How to complete this task
Write out exactly the lines below from the one containing "Candy Cane Earrings" to the last, both ends kept, and nothing more; skip all pictures.
═══ Data provided ═══
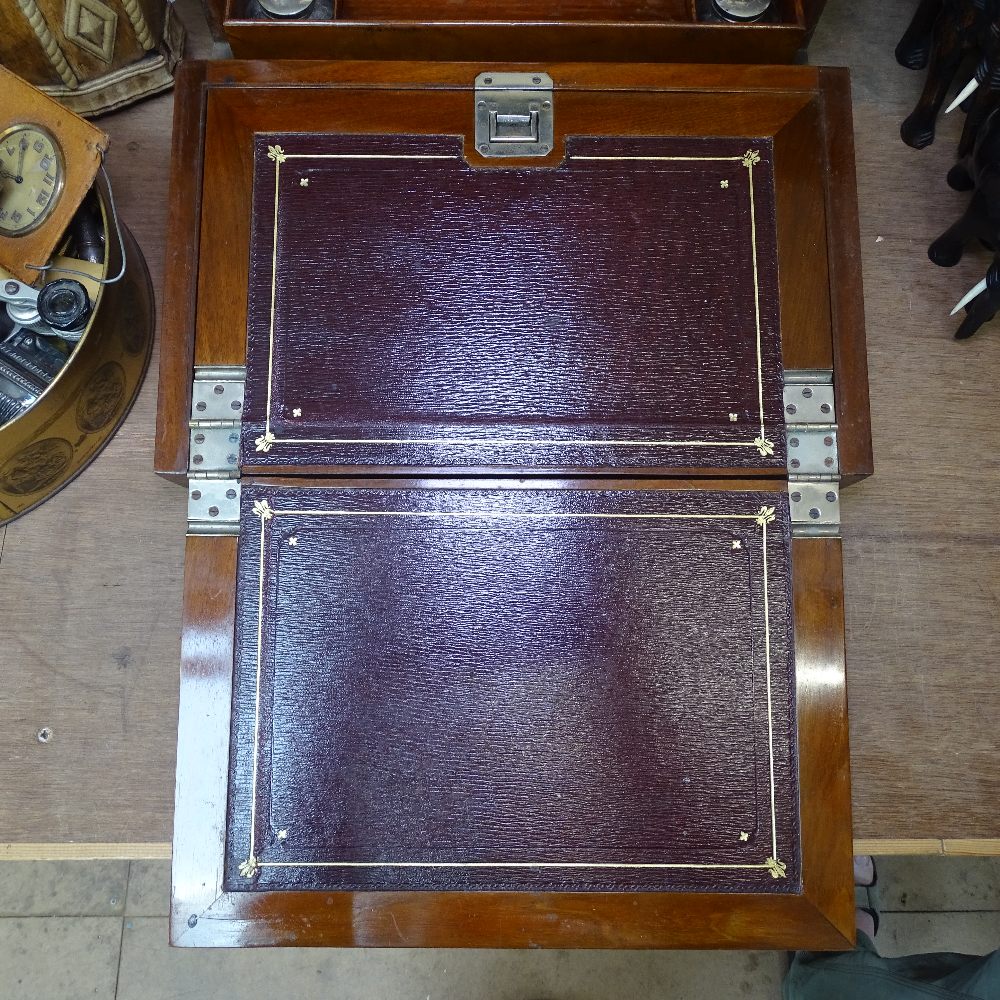 An Victorian table-top stationery cabinet, with fitted interior, fold down writing slope, - Image 12 of 13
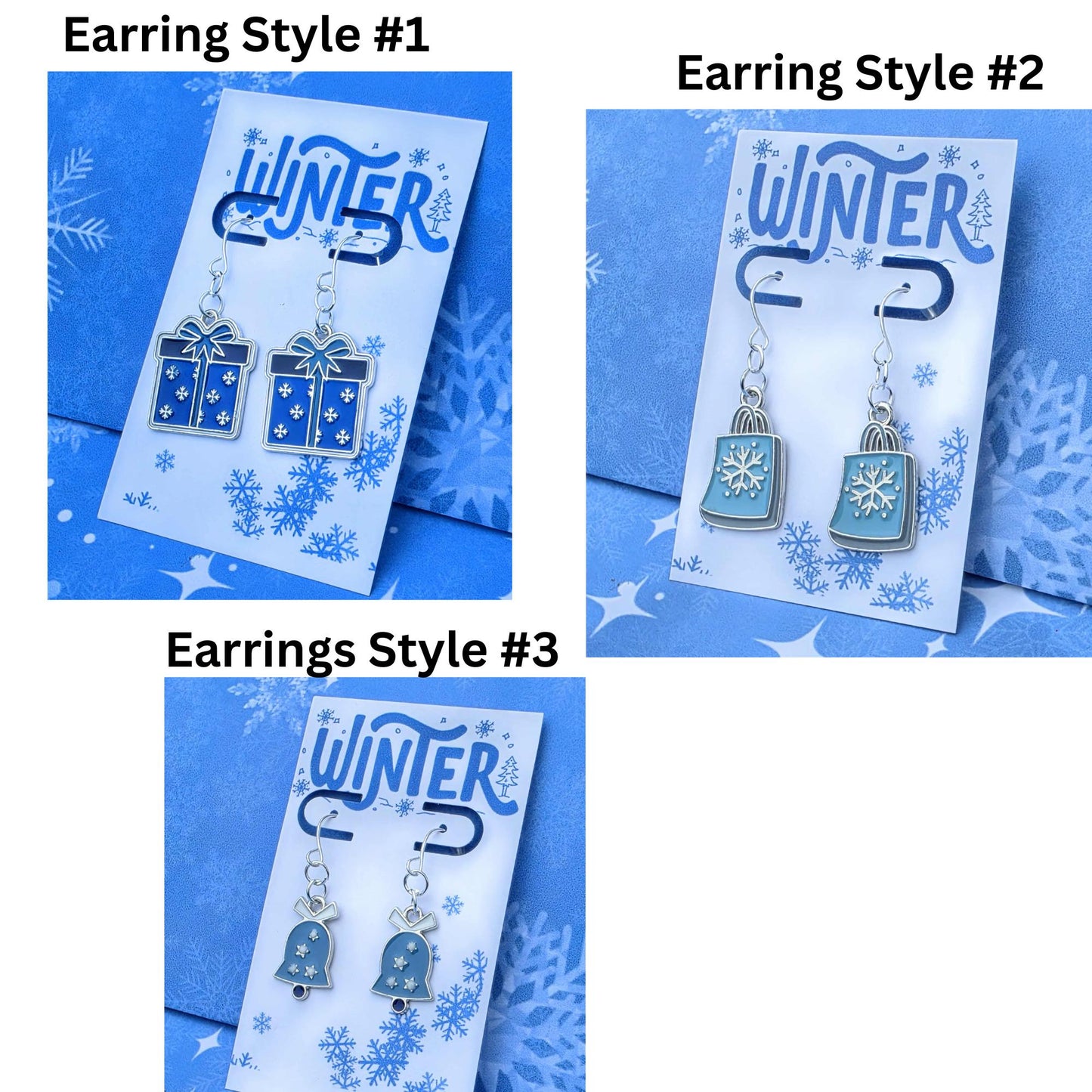 Candy Cane Earrings – Silver Christmas Jewelry, Hypoallergenic Holiday Dangles, Matching Necklace, Gift Bag Ready, Peppermint Festive
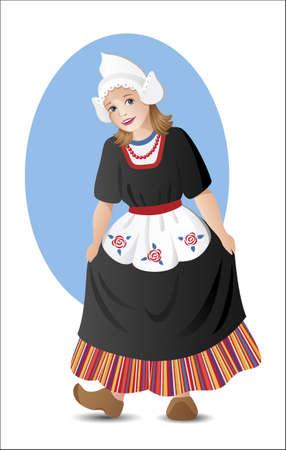 Young lady in traditional dutch folk costumeのイラスト素材
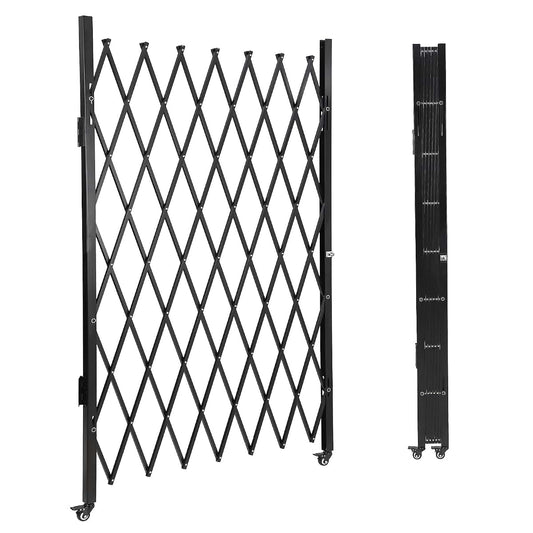 ActiveTrail 67" H x 71" W Single Folding Security Gate, Lockable Scissor Gate with 360° Swivel Casters, Driveway Gate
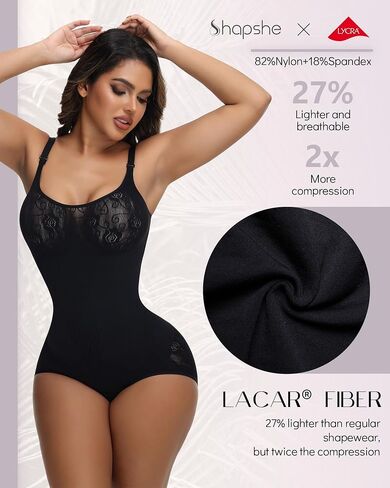 SHAPSHE Shapewear Bodysuits for Women Tummy Control Body Shaper Seamless Sculpting Snatched Low Back Waist Body Suit in Saudi Arabia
═══
Problem solution
 Candy Cane Earrings – Silver Christmas Jewelry, Hypoallergenic Holiday Dangles, Matching Necklace, Gift Bag Ready, Peppermint Festive
 Young lady in traditional dutch folk costumeのイラスト素材
 ActiveTrail 67" H x 71" W Single Folding Security Gate, Lockable Scissor Gate with 360° Swivel Casters, Driveway Gate
 SHAPSHE Shapewear Bodysuits for Women Tummy Control Body Shaper Seamless Sculpting Snatched Low Back Waist Body Suit in Saudi Arabia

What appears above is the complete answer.